“You two look like Mutt and Jeff.”
I imagine this is the first thing my grandmother would say if she were still alive and got to meet my girlfriend, Julie.
Mutt and Jeff, published in the early 1900s, is regarded as the first popular daily comic strip. It featured a pair of mismatched friends and working class everymen. The duo — Mutt, tall and gangly, and Jeff, short and stubby — was a precursor to Laurel and Hardy, and the height discrepancy was both amusing and exacerbated when the pair stood side by side.
My grandmother would bring up Mutt and Jeff whenever she met one of my taller friends. Since I’m barely pushing five feet, and even lied to the DMV about my stature, this was just about everyone I knew. So I heard the Mutt and Jeff line often growing up.
Tall, blonde and beautiful, when she wears heels – and she often does, given the nature of her job as a ballroom dance instructor – I come right up to Julie’s breast line. It’s not a bad place to be, so I’m not complaining. When not in heels, she’s still a head taller than I am, and I’m able to easily nuzzle my face into her neck when she puts her arms around me. Again, I’m not complaining. But Julie says that I’m bad for her posture.
My grandmother never got to meet Julie. She never got to meet anyone I’ve dated.
When I first came out to my parents at 18, my mother suggested I not tell my grandparents.
So I didn’t.
Even after my grandmother offered sage advice about how I should marry a rich man. Even after I gushed to her about whomever my current “best friend” was. Even after she saw the pictures of the woefully small one-bedroom basement apartment I moved into with one of these “best friends” when I was 23.

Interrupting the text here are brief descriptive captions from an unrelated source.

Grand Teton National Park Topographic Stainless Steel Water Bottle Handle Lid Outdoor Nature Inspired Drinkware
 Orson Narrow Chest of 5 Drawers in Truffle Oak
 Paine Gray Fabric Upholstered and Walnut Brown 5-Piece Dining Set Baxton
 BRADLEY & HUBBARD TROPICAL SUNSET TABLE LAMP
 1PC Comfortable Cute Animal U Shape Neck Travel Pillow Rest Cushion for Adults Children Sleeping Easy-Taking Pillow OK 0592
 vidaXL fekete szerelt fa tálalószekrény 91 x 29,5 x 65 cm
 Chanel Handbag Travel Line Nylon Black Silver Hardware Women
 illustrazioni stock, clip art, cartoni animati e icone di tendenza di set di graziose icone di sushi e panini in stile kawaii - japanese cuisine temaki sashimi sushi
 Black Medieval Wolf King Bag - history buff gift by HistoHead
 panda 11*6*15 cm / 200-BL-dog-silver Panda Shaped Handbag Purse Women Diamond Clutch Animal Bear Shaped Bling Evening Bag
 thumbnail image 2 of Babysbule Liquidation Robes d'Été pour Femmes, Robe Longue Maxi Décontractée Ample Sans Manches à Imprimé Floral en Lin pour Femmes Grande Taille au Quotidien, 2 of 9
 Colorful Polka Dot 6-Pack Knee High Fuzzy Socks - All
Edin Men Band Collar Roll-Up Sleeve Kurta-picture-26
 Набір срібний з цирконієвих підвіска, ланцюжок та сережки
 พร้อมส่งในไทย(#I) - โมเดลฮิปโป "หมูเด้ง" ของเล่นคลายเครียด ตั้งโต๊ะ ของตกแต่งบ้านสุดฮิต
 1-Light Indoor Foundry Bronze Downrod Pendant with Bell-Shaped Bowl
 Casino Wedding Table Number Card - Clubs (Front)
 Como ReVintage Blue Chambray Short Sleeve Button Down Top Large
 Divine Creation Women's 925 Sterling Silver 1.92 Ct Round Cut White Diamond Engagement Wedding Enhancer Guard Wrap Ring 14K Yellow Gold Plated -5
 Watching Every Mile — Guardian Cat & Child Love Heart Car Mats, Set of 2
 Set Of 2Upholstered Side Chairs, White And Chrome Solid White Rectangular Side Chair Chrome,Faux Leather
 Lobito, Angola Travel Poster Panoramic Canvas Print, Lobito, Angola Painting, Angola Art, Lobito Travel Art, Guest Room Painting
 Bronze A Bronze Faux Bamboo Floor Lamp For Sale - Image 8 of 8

The irony is, my grandparents encouraged my weekly attendance at Sunday mass and helped fund my Catholic school education.
An all-girls Catholic school education. Lesbian breeding ground.
A small school of about 200 students, my high school was set in a gorgeous, rambling old hotel, with winding underground tunnels and a bell tower, on a bucolic 200-acre campus cloistered from the outside, rundown ghetto by a quaint stone wall. All the girls, even the straight ones, dated girls.
It was like lesbian Harry Potter, minus the wizardry and charming accents.